The bell sound on “Concept of Credence,” from Markus Guentner’s new album Extropy, is just the bees’ knees. It comes out of nowhere, through a crack in the dense clouds of choir-synth-string-harmonics that form the bulk of the record, and it’s so evocative as to induce a little bit of whiplash. Such a terrifically ancient sound makes for a great contrast with Guentner’s hyper-treated textures; it’s just about the last thing anyone would expect to hear on a record like this. The bell itself is such a loaded sound—so deeply intertwined with religion, ritual, death, and inevitability—that it’s easy to start thinking in outlandish, cosmic terms: Could this be the bell that tolls for all of us, floating somewhere in the seas of time?

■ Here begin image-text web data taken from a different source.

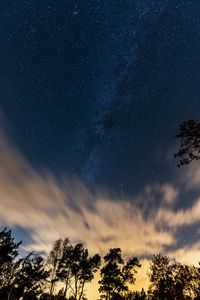 Preview wallpaper trees, starry sky, stars, clouds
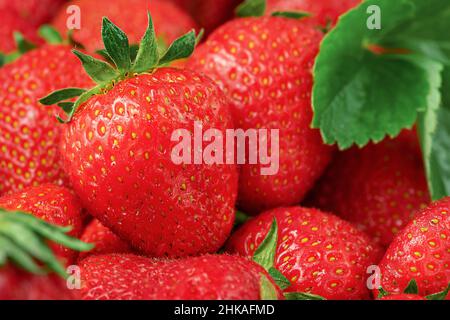 Summer background of fresh ripe strawberries. Close up Stock Photo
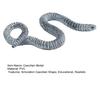 PVC Caecilian Collectible Model Lifelike Miniature Tropical Amphibious Caecilian Figurine Animal Boys Girls Educational Toy Decoration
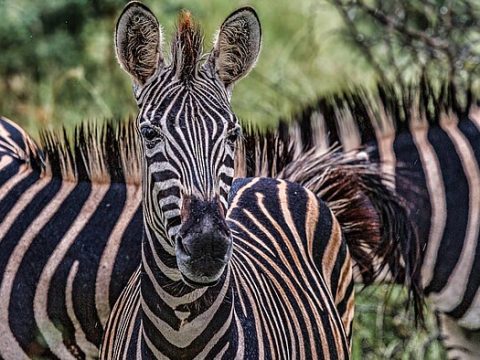 Zebras im Kruger NP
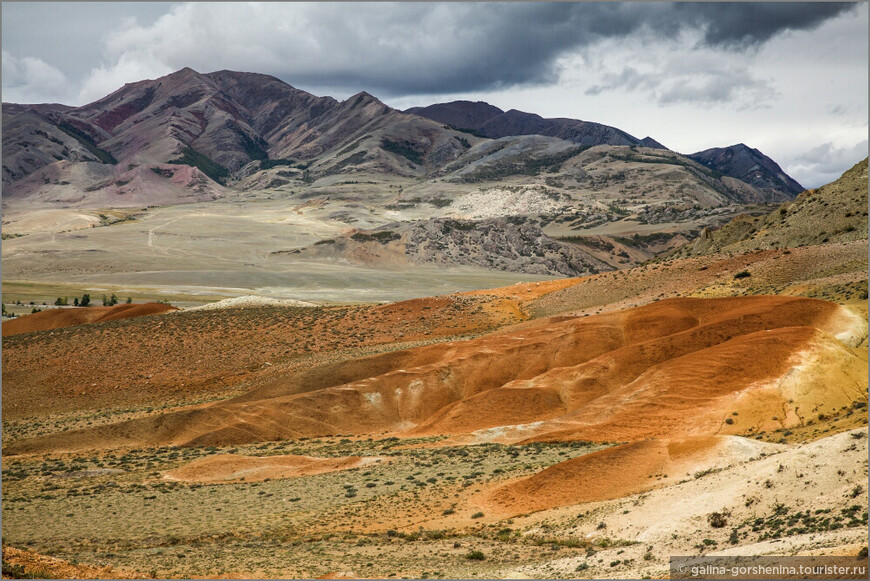 АЛТАЙ – Золотые Горы. Часть 5. Клям, марсианские пейзажи и мясо на камне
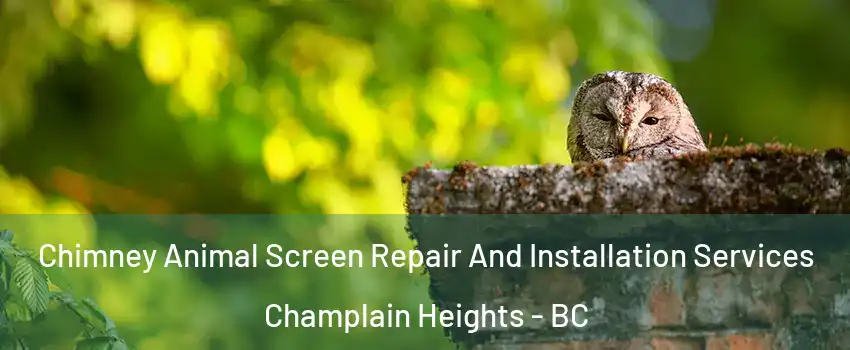  Chimney Animal Screen Repair And Installation Services Champlain Heights - BC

Extropy leans hard into interstellar new-age aesthetics and sci-fi splendor. The portentous horn on “Everywhere” immediately conjures associations with Also sprach Zarathustra, the theme used in 2001: A Space Odyssey to announce humanity’s transcendence and in innumerable parodies to mock sci-fi self-seriousness. The rest of the seven-track album sounds like the searching, minor-key themes from countless science documentaries and space operas, amplified and blown up until it resembles the vastness of space itself. Within these ebbing, flowing sheets of sound, Guentner suspends lonely little instruments—a sonorous cello on “Here,” a sparkling vibraphone-synth on “Nowhere”—to approximate the luminous little objects that twinkle from the murk of the cosmos.
Guentner is probably best known for his association with Wolfgang Voigt’s Kompakt label. He appeared on the first eight Pop Ambient compilations, and his 2001 debut In Moll is a highlight of the label’s early catalog despite being clearly indebted to Voigt’s almighty GAS project. But Guentner’s textures have always been a little colder and more metallic than Voigt’s vivid swaths of sylvan psychedelia, and the compositions on Extropy have a steely edge that keeps them from feeling too weightless or incorporeal. They move like tied-down balloons, yearning to drift away but still tied to the constraints of gravity. There’s a heaviness to this music, which may have something to do with Rafael Anton Irisarri’s mastering. The Black Knoll Studio boss favors a gauzy yet bottom-heavy sound in both his own music and his engineering jobs for artists like Warmth and Loscil. It’s easy to see why he’d be drawn to a project like this.
Extropy does a great job of sounding epic and huge, but “epic and huge” isn’t quite enough to sustain the project over its seven-track, hour-long runtime. This music is too forceful to be soothing, too gentle to be buffeting, and without any contrasting techno-oriented material, as on In Moll or 2005’s 1981, the great, gauzy textures seem to swirl around vacantly, with nothing to stir them up. Guentner claims this music was inspired by the “pseudoscientific prediction that human intelligence and technology will enable life to expand in an orderly way throughout the entire universe.” But Extropy never really expands; it just pulses and contracts like an astral object viewed through the cold remove of a telescope.